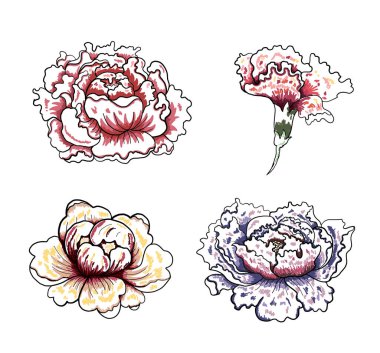 Beyaz arkaplanda dövme tasarımı için şakayık çiçeği vektörü. Karalama boyama kitabı için güzel bir çizgi. Karalama kitabı için de şakayık çiçeği çizimi..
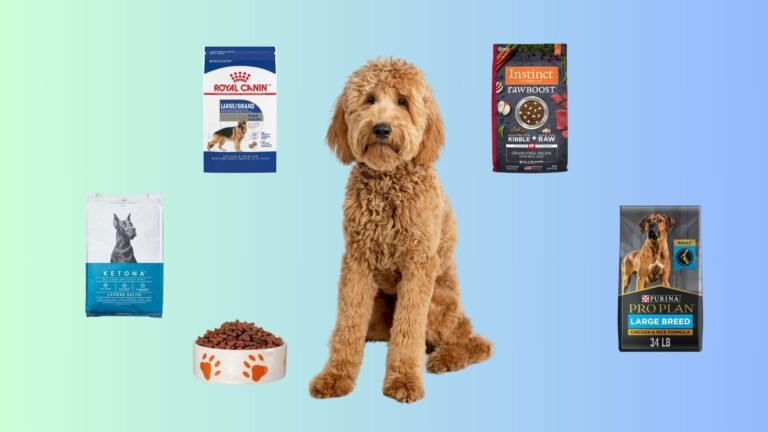 Insider Tips for the Perfect Goldendoodle Diet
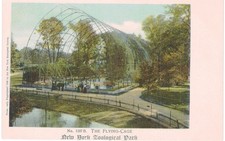 Gaiola voadora zoológica estilo rotógrafo 1910 Nova York zoológico zoológico NYC Bronx , usado comprar usado  Enviando para Brazil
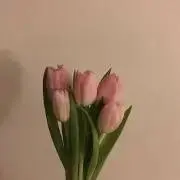 m/na.の画像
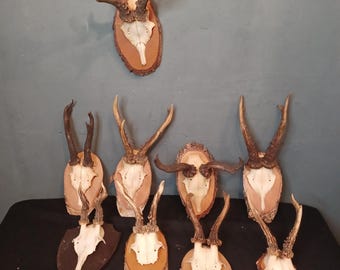 3 Pièce Plaquettes de Trophées Af 20,5 X 13 CM Chevreuil Plaque Grand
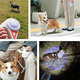 thumbnail image 3 of Automática De Correas Para Perro Retractil Con Luz Led 5m Xtellar morado, 3 of 4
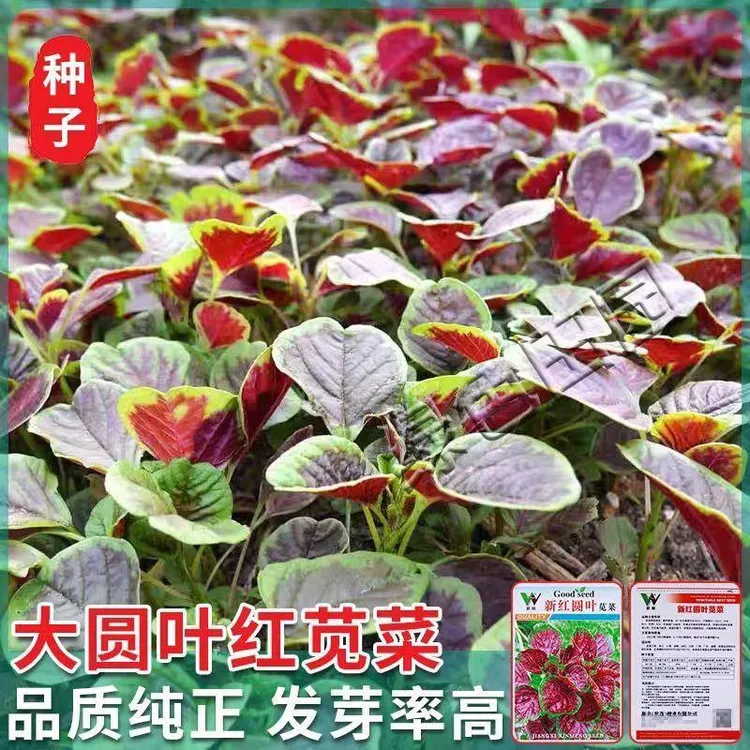 春播】红苋菜种子春夏新鲜青菜种籽野菜四季盆栽阳台蔬菜种子汉菜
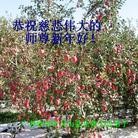 Published on 12/31/2015 ���ֹ�,��½�󷨵��ӹ�ףʦ���������(32��)
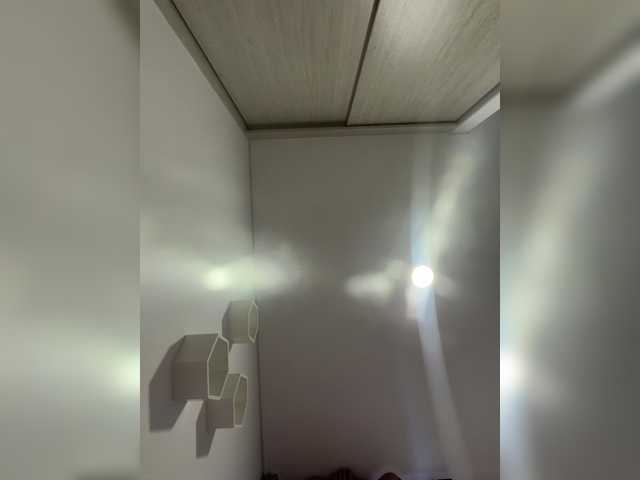 EvanShell1 live cam preview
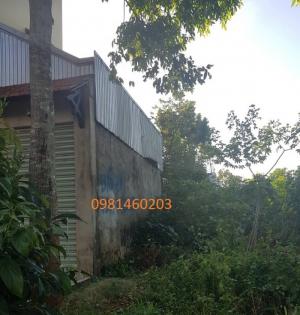 Lô Phạm Văn Bạch (Thành Nhất) 6x43.5m (1.3 Tỷ)Thổ cư 100%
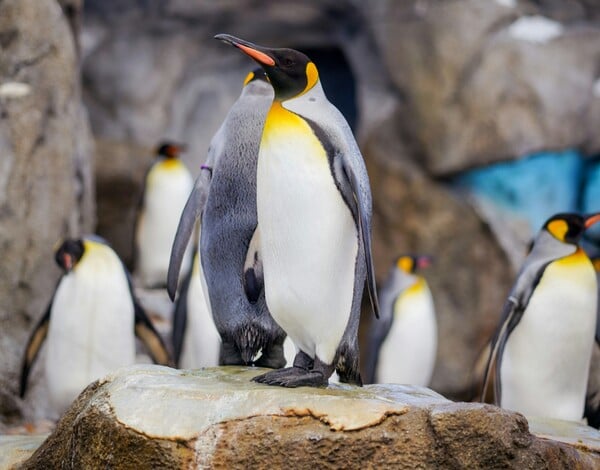 ΑΥΤΟΚΡΑΤΟΡΙΚΟΙ ΠΙΓΚΟΥΙΝΟΙ ΑΝΤΑΡΚΤΙΚΗ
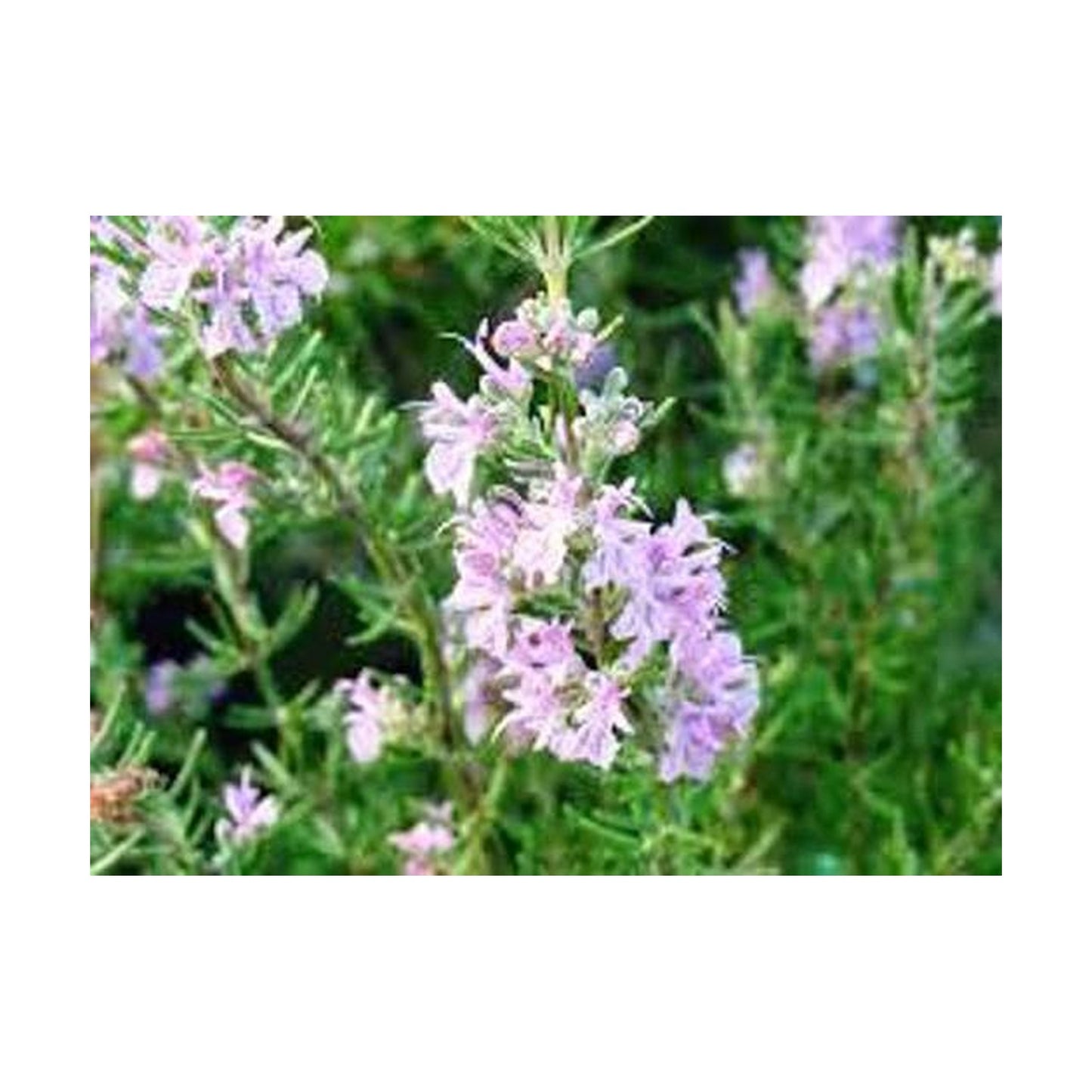 Rosmarinus Majorca Pink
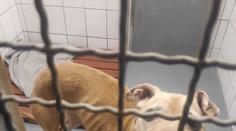 Zubožená fenka sotva stála na nohou mezi výkaly. Majitel odjel na tři týdny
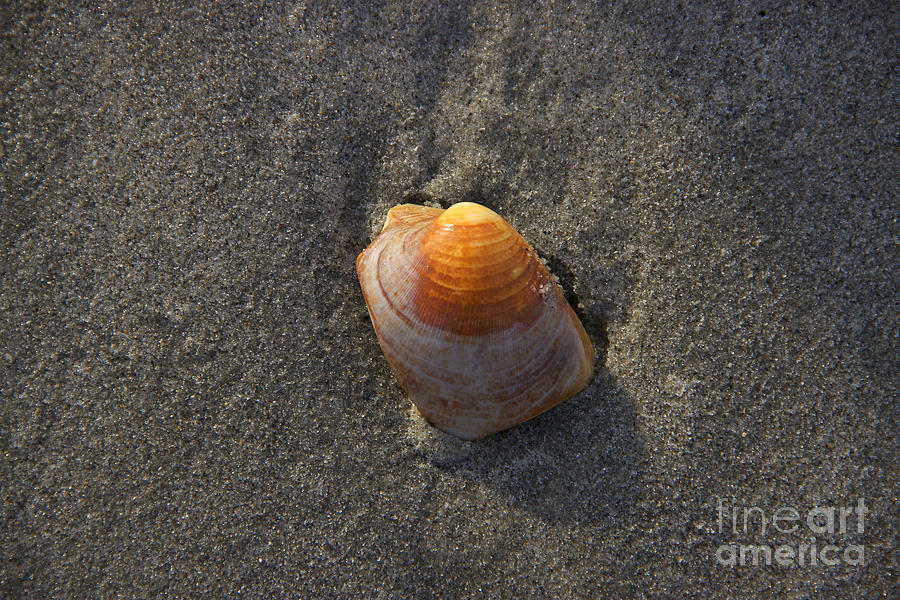 Seashells Photograph - Orange Seashell by Mike Mooney Seashells Photograph - Orange Seashell by Mike Mooney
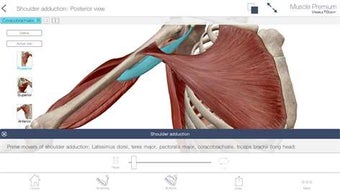 Image 1 for Muscle Premium: 3D Visual…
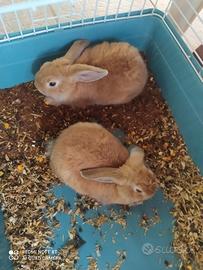 Conigli nati il 16 luglio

Assigned task: Transcribe the data verbatim. No picture belongs in the result.

Response to this task:
 Beyaz arkaplanda dövme tasarımı için şakayık çiçeği vektörü. Karalama boyama kitabı için güzel bir çizgi. Karalama kitabı için de şakayık çiçeği çizimi..
 Insider Tips for the Perfect Goldendoodle Diet
 Gaiola voadora zoológica estilo rotógrafo 1910 Nova York zoológico zoológico NYC Bronx , usado comprar usado  Enviando para Brazil
 m/na.の画像
 3 Pièce Plaquettes de Trophées Af 20,5 X 13 CM Chevreuil Plaque Grand
 thumbnail image 3 of Automática De Correas Para Perro Retractil Con Luz Led 5m Xtellar morado, 3 of 4
 春播】红苋菜种子春夏新鲜青菜种籽野菜四季盆栽阳台蔬菜种子汉菜
 Published on 12/31/2015 ���ֹ�,��½�󷨵��ӹ�ףʦ���������(32��)
 EvanShell1 live cam preview
 Lô Phạm Văn Bạch (Thành Nhất) 6x43.5m (1.3 Tỷ)Thổ cư 100%
 ΑΥΤΟΚΡΑΤΟΡΙΚΟΙ ΠΙΓΚΟΥΙΝΟΙ ΑΝΤΑΡΚΤΙΚΗ
 Rosmarinus Majorca Pink
 Zubožená fenka sotva stála na nohou mezi výkaly. Majitel odjel na tři týdny
 Seashells Photograph - Orange Seashell by Mike Mooney Seashells Photograph - Orange Seashell by Mike Mooney
 Image 1 for Muscle Premium: 3D Visual…
 Conigli nati il 16 luglio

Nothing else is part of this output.